Fig. 3. A general trend for fewer cross-link violations in AlphaFold2 models with higher pLDDT scores.

Fig. 3

a Number of cross-link violations plotted against the pLDDT score for each of the T. thermophila proteins predicted. The size and shade of each dot represent the number of intramolecular cross-links for a given protein. The full data are provided as Supplementary Table S2. b A distance distribution view of the 43 proteins with no cross-link violations. c A selection of proteins from (b) with cross-links mapped onto the AF2-predicted structure.

The predicted aligned error (PAE) scores produced by AF2 can be used to distinguish well-structured regions and well-folded domains within a protein structure from poorly predicted or unstructured regions44. PAE scores can thus be used to roughly define rigid domains or sets of domains within proteins that have the potential to be positioned in multiple orientations relative to each other. We, therefore, examined the PAE scores for our structures to determine if cross-link disagreements were more likely to occur within or between these well-structured regions. By analyzing the PAE score maps using a watershed algorithm, we could segment the AF2-predicted structures to identify the best-predicted, contiguous, well-structured regions (Supplementary Fig. S2). We used this approach to examine the largest outliers in Fig. 3.

Among proteins with many cross-link violations, BBC118 stood out for having 10 violations despite a pLDDT score greater than 85, indicating a fairly confident structural prediction. To better understand why such a confidently predicted structure might have so many violations, we segmented its PAE score map to define well-predicted regions and asked whether the violations occur within or between these regions (Fig. 4a).
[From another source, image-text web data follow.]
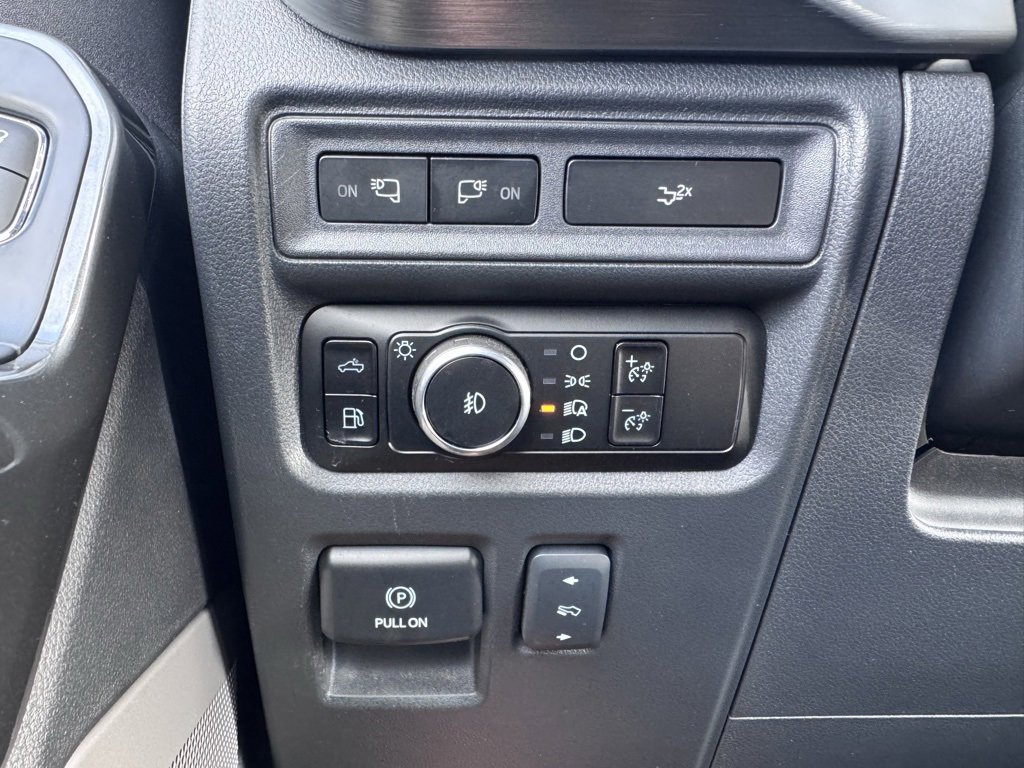 Used 2023 Ford F150 Lariat w/ Equipment Group 502A High image 39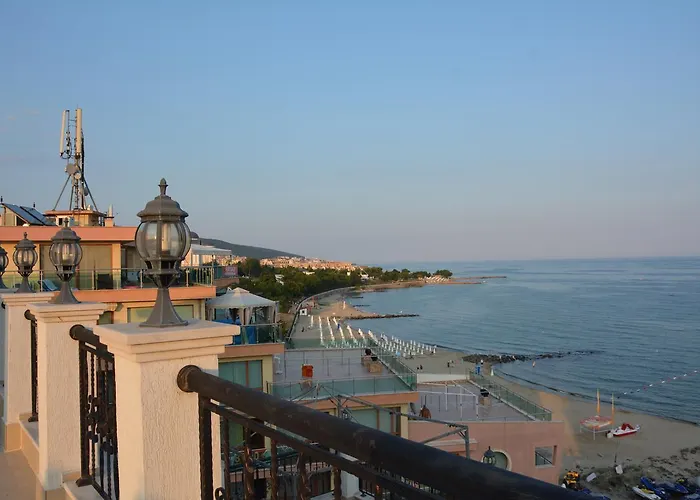 Vip Club Dolphin Coast 3*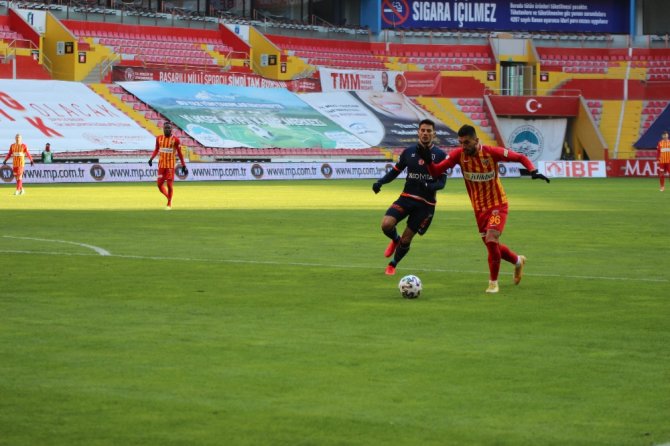 Süper Lig: Kayserispor: 1 - Medipol Başakşehir: 0 (İlk Yarı)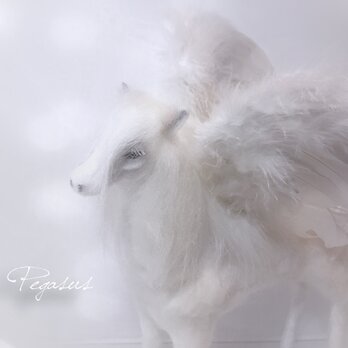 白馬　ペガサス　馬　ユニコーン　羊毛フェルト　アートドールの画像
Interestingly, these domains did not align exactly with known Pfam or InterPro domain annotations, which corresponded to the individual or grouped EF-hand motifs; in contrast, AF2 captured more extensive regions including interdomain segments whose structures could be confidently predicted. We plotted our intramolecular cross-links onto the PAE heatmap and onto the predicted structure (Fig. 4a, b) and found that all ten violations occurred between AF2 domains, while the eight cross-links falling within the domains satisfied the allowable cross-link distance. These results suggest that while AF2 may produce confident structure predictions locally within rigid bodies, there may be ambiguity in placing such rigid bodies relative to each other.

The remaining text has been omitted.